The Kennedy Energy Park (KEP) in North Queensland, which combines wind, solar and energy storage technologies, is unlikely to reach full commercial operations in the next four to five months even though it has been fully installed and energised.
This is according to a forecast by the engineering, procurement and construction (EPC) contractor, a joint venture between Vestas Wind Systems A/S (CPH:VWS) and Quanta Services Inc (NYSE:PWR).
Windlab Ltd (ASX:WND), one of the two companies behind the Kennedy Energy Park project, said in an update on Tuesday that the EPC contractor has failed to deliver in time a fully functioning, compliant generator performance standard (GPS) model and electrical plant meeting the network standards. This has so far prevented the registration of the project as a generator, which is key for launching full commercial operation.
The Kennedy complex combines 43.2 MW of wind, 15 MW of solar and 2 MW/4 MWh of Tesla battery storage capacity. It started generating limited volumes of power in August 2019.
The project developers, Australian Windlab and Japanese firm Eurus Energy Holdings Corp, earlier this year sought liquidated damages from the contractor, which disputed these and in turn requested certain milestone payments. The dispute has now escalated to a security of payment adjudication.
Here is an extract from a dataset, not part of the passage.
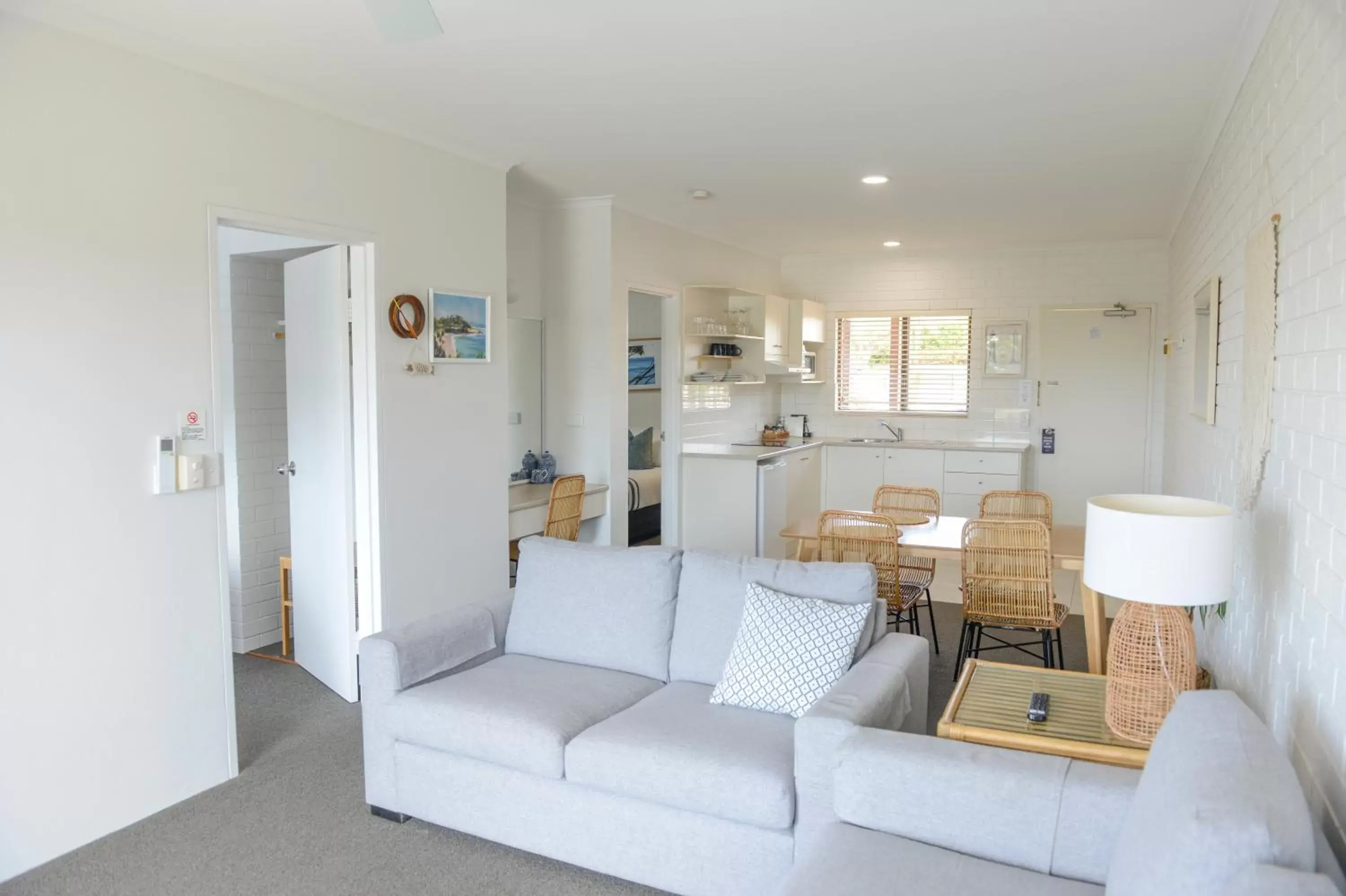 Seating Area in Mollymook Seascape Motel and Apartments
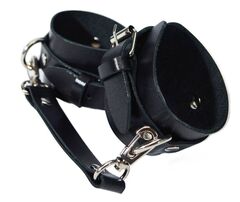 Черные кожаные наручники с соединением на карабинах -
The Kennedy developers have until November 26 to respond to the EPC contractor’s submission to the adjudicator.
“Windlab believes that Kennedy Energy Park has recourse under the terms of the EPC contract for these ongoing delays and costs if substantive legal proceedings become necessary,” Windlab said.
According to the update, the original construction and commissioning programme for the project is already 13 months behind schedule.